#### DATASET EXCERPTS:
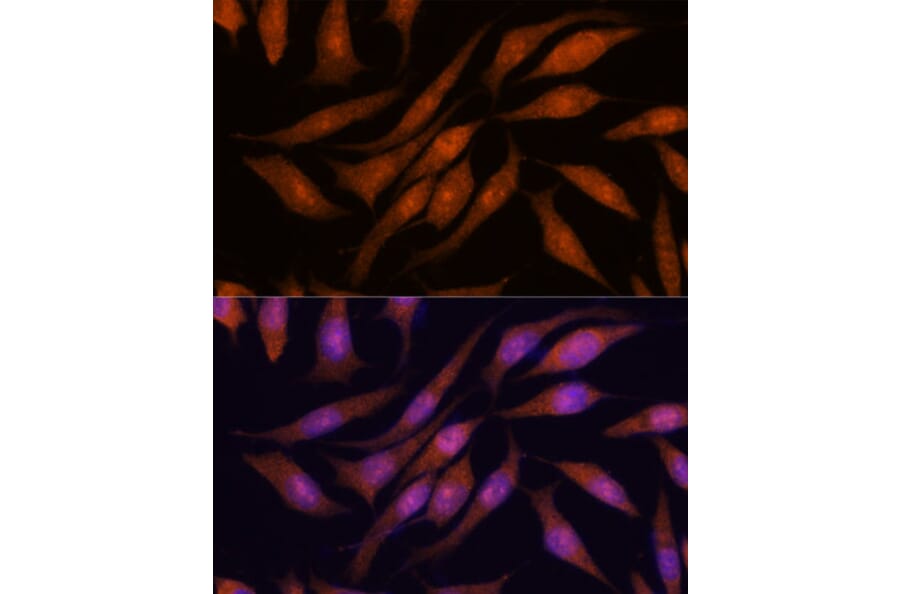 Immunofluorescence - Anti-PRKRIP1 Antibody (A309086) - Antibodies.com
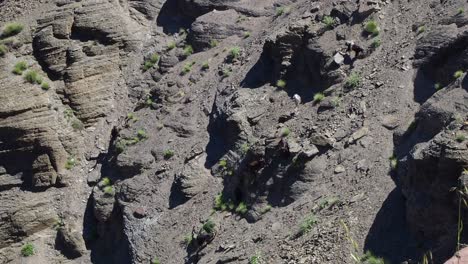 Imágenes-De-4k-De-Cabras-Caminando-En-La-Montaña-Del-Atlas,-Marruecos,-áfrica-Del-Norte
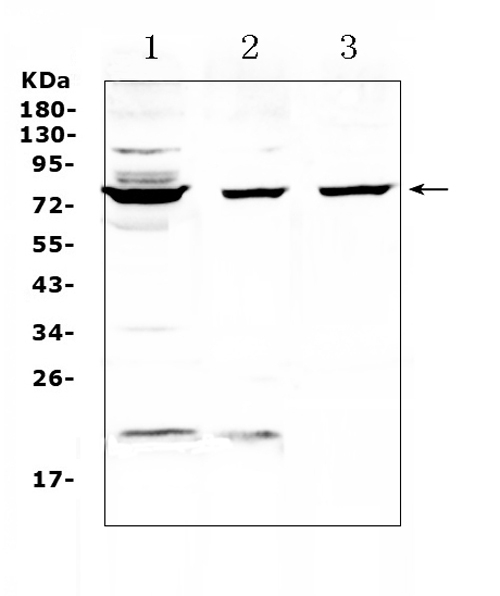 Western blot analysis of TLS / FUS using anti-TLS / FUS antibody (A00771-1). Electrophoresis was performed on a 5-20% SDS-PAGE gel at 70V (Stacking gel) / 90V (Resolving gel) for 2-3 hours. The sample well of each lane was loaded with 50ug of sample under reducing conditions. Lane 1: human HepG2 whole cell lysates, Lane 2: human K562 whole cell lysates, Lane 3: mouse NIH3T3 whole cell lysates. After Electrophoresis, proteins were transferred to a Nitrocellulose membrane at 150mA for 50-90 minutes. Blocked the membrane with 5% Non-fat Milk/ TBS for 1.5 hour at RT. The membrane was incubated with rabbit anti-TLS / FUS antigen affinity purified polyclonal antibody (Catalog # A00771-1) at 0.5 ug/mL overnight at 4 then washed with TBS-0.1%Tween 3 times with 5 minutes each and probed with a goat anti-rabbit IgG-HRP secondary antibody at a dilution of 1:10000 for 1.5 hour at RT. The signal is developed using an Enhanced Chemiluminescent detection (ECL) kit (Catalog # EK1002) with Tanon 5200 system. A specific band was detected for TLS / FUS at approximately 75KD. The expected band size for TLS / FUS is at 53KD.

* * *

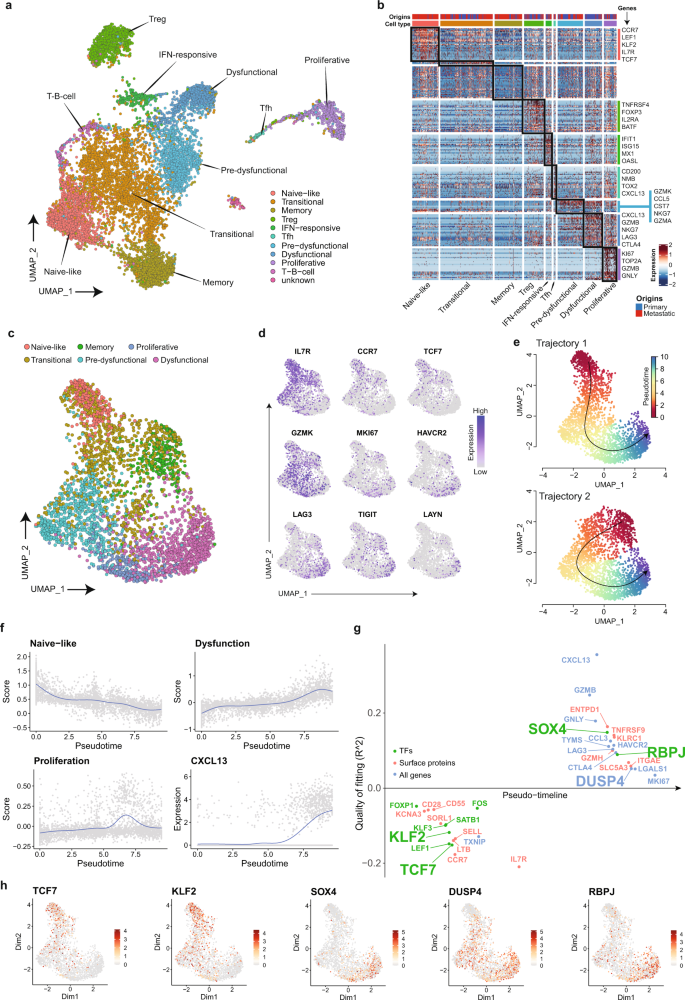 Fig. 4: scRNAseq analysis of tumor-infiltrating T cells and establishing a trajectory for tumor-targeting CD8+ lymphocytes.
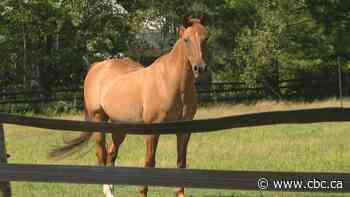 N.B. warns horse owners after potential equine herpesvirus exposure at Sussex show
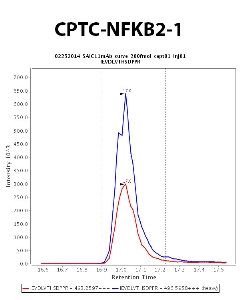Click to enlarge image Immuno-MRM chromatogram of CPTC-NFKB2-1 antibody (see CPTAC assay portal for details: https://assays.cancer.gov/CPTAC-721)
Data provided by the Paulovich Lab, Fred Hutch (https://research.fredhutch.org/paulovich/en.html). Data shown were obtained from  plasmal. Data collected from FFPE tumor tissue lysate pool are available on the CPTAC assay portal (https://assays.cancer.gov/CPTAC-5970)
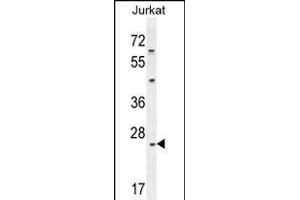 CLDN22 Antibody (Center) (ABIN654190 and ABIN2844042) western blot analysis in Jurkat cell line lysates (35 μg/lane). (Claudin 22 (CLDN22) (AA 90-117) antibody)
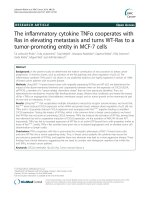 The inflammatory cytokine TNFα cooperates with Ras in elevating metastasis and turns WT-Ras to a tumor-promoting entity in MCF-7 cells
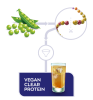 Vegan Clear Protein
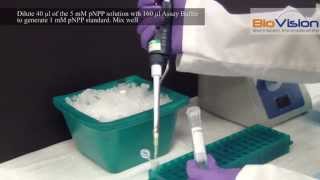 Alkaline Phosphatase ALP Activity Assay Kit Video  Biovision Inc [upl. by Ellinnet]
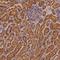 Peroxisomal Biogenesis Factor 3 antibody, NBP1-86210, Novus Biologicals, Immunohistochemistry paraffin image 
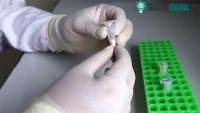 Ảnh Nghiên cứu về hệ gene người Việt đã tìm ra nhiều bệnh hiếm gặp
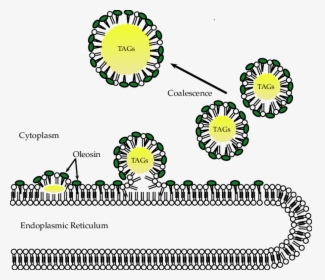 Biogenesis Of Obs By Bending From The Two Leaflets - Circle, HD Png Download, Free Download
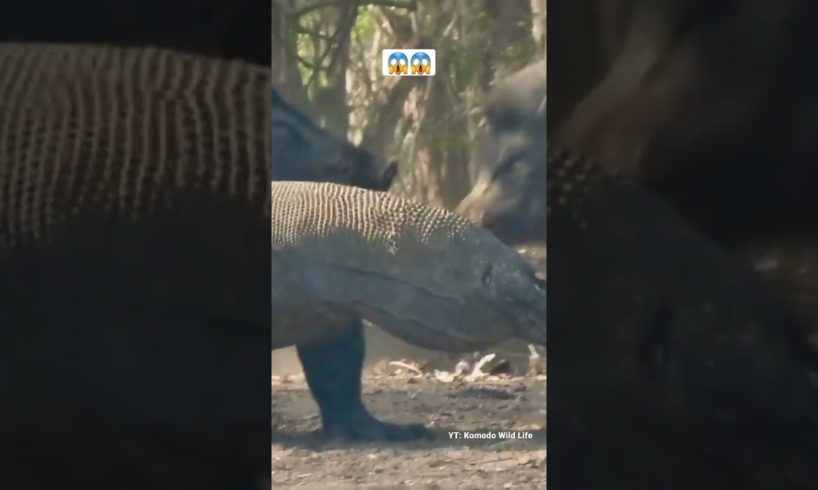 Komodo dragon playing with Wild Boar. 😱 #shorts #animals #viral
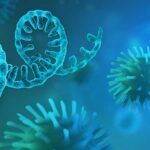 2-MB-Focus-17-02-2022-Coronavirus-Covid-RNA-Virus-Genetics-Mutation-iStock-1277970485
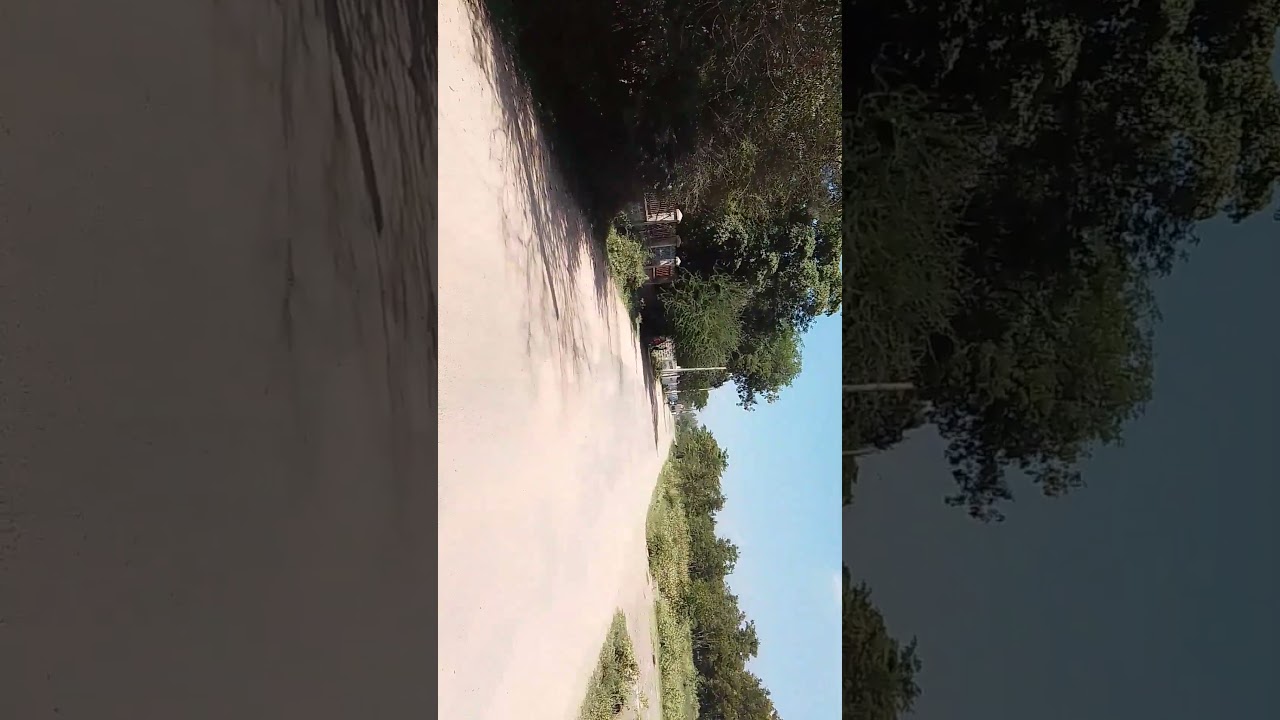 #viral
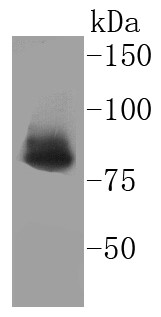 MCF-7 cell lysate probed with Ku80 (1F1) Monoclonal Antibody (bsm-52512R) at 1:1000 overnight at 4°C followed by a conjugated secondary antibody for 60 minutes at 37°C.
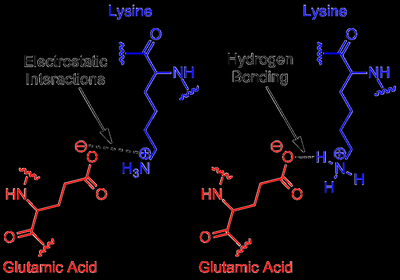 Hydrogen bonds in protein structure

#### AIM OF THE EXERCISE:
Leaving all pictures out, output exactly the lines of the material above from the line with "Alkaline Phosphatase ALP" to the line with "MCF-7 cell lysate", both included.

#### YOUR RESPONSE:
 Alkaline Phosphatase ALP Activity Assay Kit Video  Biovision Inc [upl. by Ellinnet]
 Peroxisomal Biogenesis Factor 3 antibody, NBP1-86210, Novus Biologicals, Immunohistochemistry paraffin image 
 Ảnh Nghiên cứu về hệ gene người Việt đã tìm ra nhiều bệnh hiếm gặp
 Biogenesis Of Obs By Bending From The Two Leaflets - Circle, HD Png Download, Free Download
 Komodo dragon playing with Wild Boar. 😱 #shorts #animals #viral
 2-MB-Focus-17-02-2022-Coronavirus-Covid-RNA-Virus-Genetics-Mutation-iStock-1277970485
 #viral
 MCF-7 cell lysate probed with Ku80 (1F1) Monoclonal Antibody (bsm-52512R) at 1:1000 overnight at 4°C followed by a conjugated secondary antibody for 60 minutes at 37°C.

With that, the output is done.